Anyway, I appreciate your blog (though I disagree that season 1 is better than season 2). In it's first three seasons, the best episodes were both suspenseful and creepy (season 1, especially, had some cliffhangers and plot twists that were really unsettling, at least the first time through). CTU was also a small underfunded government agency (according to George Mason), and did not have sci-fi like resources available to it.
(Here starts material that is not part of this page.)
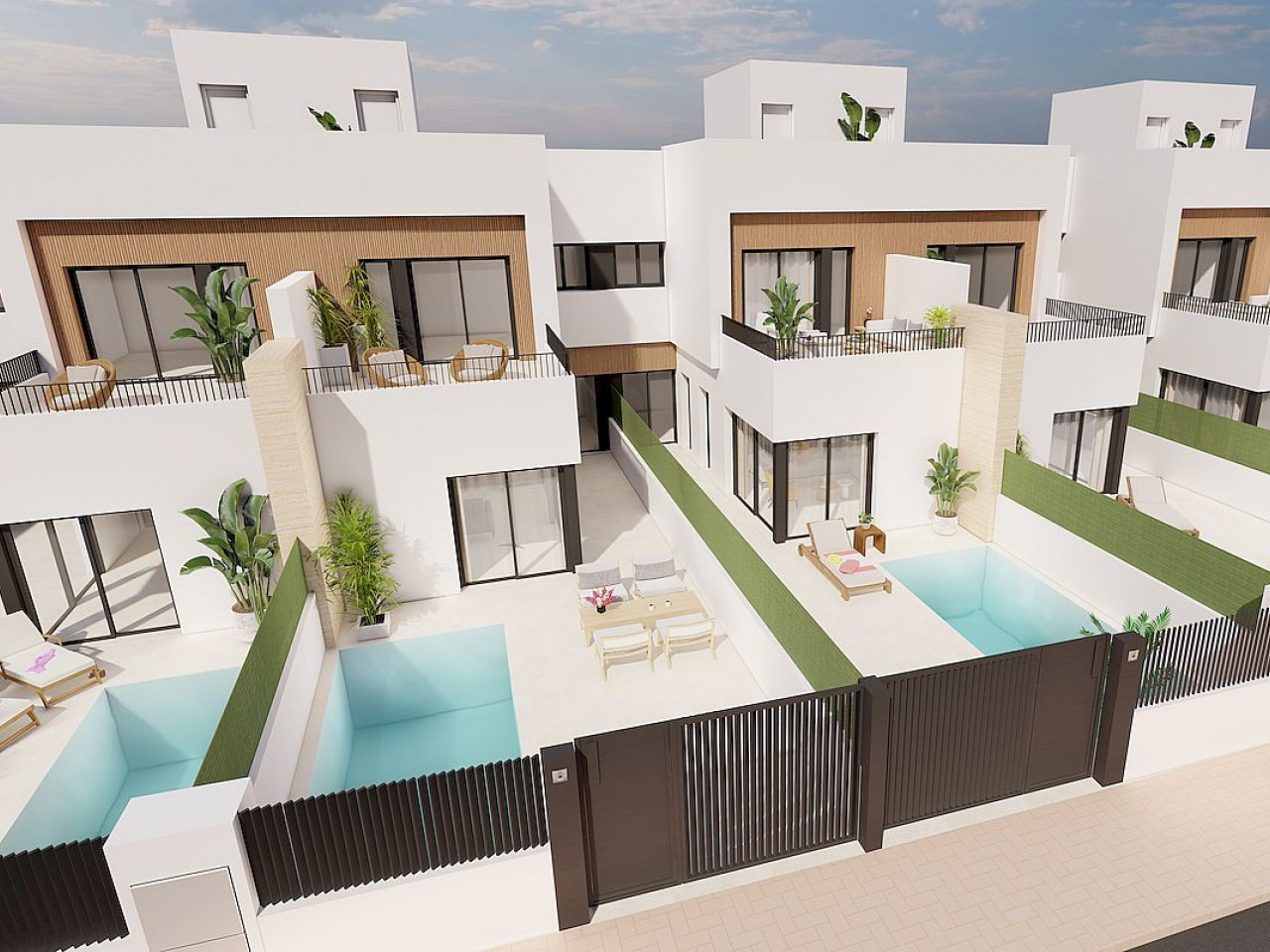 Chalet in San Javier - Image 2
The show could also bring you to the brink of crying, though. Anytime in the first three years when anyone was saying a final goodbye to someone before sacrificing himself they really sold it. Especially: Jack flying the plane while on the phone with Kim, in #2; George Mason seeing his son for the last time, and also trying to walk out of CTU with dignity; or when Kyle was in quarantine and talking to his parents. Those were tough scenes.

I feel like I should have felt something like those made me feel when Jack was opening up to his father while awaiting execution. I felt neither that Jack was really pouring his heart out, nor that he was buying time until he could get the drop on him. That, as well as the sheer preposterousness of the notion that Jack's father would execute him, disappointed me.

Maybe for Day 7, Jack should be working for the family business (whatever it is) and have no contact with CTU. Maybe he shouldn't even be battling terrorists; maybe he's rescuing people stuck in a natural disaster. He did solve a mystery in season 1. It'd be nice to see something clever again.

modifoo said...

Can anyone please enlighten me as to what Jack`s father's motivation was for trying to kill Jack?

I know - protecting his big thing, that he's been working for his whole life. But then he shouldn't have let go of his daughter-in-law as she and her son both know that he is bad.

Awful script-writing, this time...

Anonymous said...

Come to England, folks, and you'll be appreciating 24 rather than dishing out what you'd have a hard time improving. Actually, hang on, stay home--you can do it just as well there.